Frank Fisher

Personal information
- Born: 1905 Townsville, Queensland, Australia
- Died: 1980 (aged 74–75)

Playing information
- Position: five-eighth, halfback
Club
| Years | Team | Pld | T | G | FG | P |
|  | Barambah |  |  |  |  |  |
Representative
| Years | Team | Pld | T | G | FG | P |
| 1932–36 | Wide Bay | 2 |  |  |  |  |

= Frank Fisher (rugby league) =

Australian rugby league player

Frank Fisher (1905–1980) was an Aboriginal Australian professional rugby league footballer. Nicknamed "Big Shot" and "King" Fisher, he has been described as the Wally Lewis of Aboriginal Rugby league players. He was named as a member of the Indigenous Australian Rugby League Team of the Century.

== Family life ==
He was born 1905 in Townsville, Queensland the son of Frank Fisher Sr and his wife Rosie Shilling. His father had served with the 11th Light Horse Regiment but Fisher's attempt to follow in his father's footsteps in 1940 was blocked on racial grounds. He is the paternal grandfather of Australian track athlete and Olympic gold medalist Cathy Freeman.

== Rugby league ==
In the 1930s Fisher was captain of the Barambah rugby league team.

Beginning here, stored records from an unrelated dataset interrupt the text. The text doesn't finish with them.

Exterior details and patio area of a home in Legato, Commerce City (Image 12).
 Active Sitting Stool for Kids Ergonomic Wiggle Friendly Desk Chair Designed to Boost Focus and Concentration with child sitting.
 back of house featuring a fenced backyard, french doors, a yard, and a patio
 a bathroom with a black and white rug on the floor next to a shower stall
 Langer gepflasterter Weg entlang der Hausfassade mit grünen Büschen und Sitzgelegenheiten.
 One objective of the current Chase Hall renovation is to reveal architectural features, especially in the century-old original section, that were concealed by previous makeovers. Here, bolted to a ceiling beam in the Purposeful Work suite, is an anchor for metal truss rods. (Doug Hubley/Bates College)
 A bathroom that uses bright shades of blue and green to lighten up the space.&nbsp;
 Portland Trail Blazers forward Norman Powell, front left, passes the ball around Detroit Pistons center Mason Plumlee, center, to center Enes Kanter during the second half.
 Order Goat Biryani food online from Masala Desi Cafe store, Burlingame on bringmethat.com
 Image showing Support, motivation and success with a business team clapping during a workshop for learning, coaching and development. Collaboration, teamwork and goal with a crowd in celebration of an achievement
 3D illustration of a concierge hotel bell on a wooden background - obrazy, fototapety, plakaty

In 1932 and again in 1936 he played at half-back for the Wide Bay representative side against the Great Britain touring teams. The English captain, Jim Brough, was reported as saying that "Fisher was the best country player the Englishmen had encountered." On Brough's recommendation, Fisher was offered a contract to play club rugby league in Salford, England but the Queensland Government refused his application to travel under the Aboriginals Protection and Restriction of Sale of Opium Act 1897 (Qld).

He has been described as "fast, with a distinctive side-step, playing either at fly-half or centre three-quarter."

In 1946 he was still leading the Cherbourg team as captain to victory.

== Cricket ==
Fisher further displayed his athletic ability in cricket. On one occasion, playing for the Cherbourg A Grade side against Goomeri, he struck 105 (retired) in 32 minutes including 11 sixes and 5 fours. His side won by 294 on the first innings on a day when the Cherbourg side was without the usual services of fast bowler Eddie Gilbert. Fisher's feat was reported nationally.

== Honours and awards ==
On 8 June 1996 a bridge over Barambah Creek, Cherbourg and named in his honour was opened.

In 2010 Fisher was named as a member of Australian rugby league's Indigenous Team of the Century.